Sneaker deals are like signing with an NBA team: there must be something appealing that suitors have to offer. While the most common bait is the contract amount and royalties, there are also some other factors to consider when signing a sneaker deal.
Moreover, there is a hierarchy of contracts that sneaker companies look into whenever they are luring NBA players into their umbrella. With that being said, here are some known sneaker deals in the NBA.
Rookies are usually signed to a sneaker deal briefly after the NBA draft. The main reason is that sneaker companies would like to assess the potential signees by their draft order and the market they landed before inking them to a deal.
But in rare cases, players ink deals even before the draft, just like when the late great Kobe Bryant was signed by adidas in 1996.
However, some prospects, like Damian Lillard in 2012, decide to hit the court first and establish their name in the league before deciding on what brand to lace up. While this is rather a risky move, it is not a bad gamble either, especially in the case of Lillard, who inked a lucrative deal with adidas shortly after.
Moreover, just like how skeptic teams are when calling a player’s name during the draft, sneaker companies are also critical when signing one. Brands also project the prospects’ potential career and marketability before betting their chips on them.
Therefore, rookies who land higher on the board or get drafted by bigger markets would probably be offered heftier contracts, which are typically four to five years long. So unless players turn into stars, getting a lucrative sneaker contract extension is somewhat improbable.
But to top all of these, sneaker brands, just like NBA teams, are bound to commit mistakes and make miscalculations with their projections.
In 2018, Puma signed several talents with oozing potential. Bannered by Deandre Ayton (No.1 Pick) and Marvin Bagley (No. 2 pick) along with some higher picked rookies, Kevin Knox (No. 9), Michael Porter Jr. (No. 14) and Zhaire Smith (No.16), it seemed like the German brand got the pot of gold at the end of the rainbow.
However, that draft class was still dominated by two rising superstars: Slovenian sensation Luka Doncic and wiz guard Trae Young, who signed with Air Jordan and adidas respectively.
Just like NBA teams, players could land a sneaker deal through free agency. For the record, even the biggest names in the league went through sneaker free agency at some point.
During this time, sneaker companies are free to make their pitches while players can don any sneaker brand they desire during games. Though this sequence is more realistic for top-tier and mid-level players, minimum-level players could still strike a deal through free agency.

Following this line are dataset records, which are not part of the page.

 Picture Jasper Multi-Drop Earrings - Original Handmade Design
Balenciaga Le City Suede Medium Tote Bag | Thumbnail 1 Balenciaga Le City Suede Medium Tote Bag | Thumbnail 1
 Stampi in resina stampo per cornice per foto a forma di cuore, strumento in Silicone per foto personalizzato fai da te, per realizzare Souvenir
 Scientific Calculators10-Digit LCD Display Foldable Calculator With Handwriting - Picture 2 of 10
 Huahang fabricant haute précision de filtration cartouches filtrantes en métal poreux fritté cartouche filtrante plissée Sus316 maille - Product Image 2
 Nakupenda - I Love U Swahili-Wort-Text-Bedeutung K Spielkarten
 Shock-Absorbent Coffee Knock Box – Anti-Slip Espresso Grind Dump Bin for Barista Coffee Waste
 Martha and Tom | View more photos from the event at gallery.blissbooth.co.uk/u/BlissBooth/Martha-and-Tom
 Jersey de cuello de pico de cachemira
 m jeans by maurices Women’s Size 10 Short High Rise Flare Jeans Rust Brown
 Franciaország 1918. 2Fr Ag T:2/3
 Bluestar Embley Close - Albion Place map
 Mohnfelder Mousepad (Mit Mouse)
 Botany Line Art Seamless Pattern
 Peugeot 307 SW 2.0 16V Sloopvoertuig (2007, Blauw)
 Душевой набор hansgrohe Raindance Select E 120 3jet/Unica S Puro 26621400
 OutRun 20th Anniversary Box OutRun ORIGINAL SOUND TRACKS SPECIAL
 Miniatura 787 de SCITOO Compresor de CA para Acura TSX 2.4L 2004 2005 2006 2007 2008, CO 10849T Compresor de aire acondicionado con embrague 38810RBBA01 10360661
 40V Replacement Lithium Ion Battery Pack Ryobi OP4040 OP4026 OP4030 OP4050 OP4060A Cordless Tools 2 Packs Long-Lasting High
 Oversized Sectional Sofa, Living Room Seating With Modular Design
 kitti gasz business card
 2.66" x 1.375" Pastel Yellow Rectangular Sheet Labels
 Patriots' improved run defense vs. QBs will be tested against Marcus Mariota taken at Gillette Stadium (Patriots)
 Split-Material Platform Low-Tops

When signing minimum-level players, sneaker companies usually base on the commodity that these players can bring on the table. This is comparable to how teams are signing role players to fill their roster..
Moreover, the contract of the veteran deal would always vary depending on the caliber of the player getting signed. But normally, these players receive either cheaper cash deals or merchandise deals.
Typically, merch deals are given to the rank-and-file players or big men. Rank-and-file players are those who are usually the end-of-the-bench players and are barely seen in action, so there is not much justification needed.
Moreover, big men commonly get merch deals due to the common belief that big men can’t sell shoes. That’s one of the major reasons why there are only a few bigs who have a signature pair despite their accolades and fame.
The most recent big man who got a signature pair was Sixers star Joel Embiid with the Under Armour. However, despite the intimidating on-court presence and exceptional skill set of Embiid, his sneakers could not make it on the top of the ladder.
But how does a merchandise deal work?
Players who are signed to such a deal do not have the perks of having a player exclusive sneaker, let alone a signature pair. However, they have the privilege of wearing the brand’s products during games.
In addition, they receive product allowance as well.
Normally, players are offered a US$25,000 contract. But of course, that amount is negotiable. These allowances are usually given as store credits for both physical store and online purchases. Basically, players could purchase any product that they please that could mount up to their contract’s provision.
What’s soothing about this contract is that the privileges are also good for sharing. That means, players with this type of deal have the freedom to use their credits to purchase products for other people. Talk about perks!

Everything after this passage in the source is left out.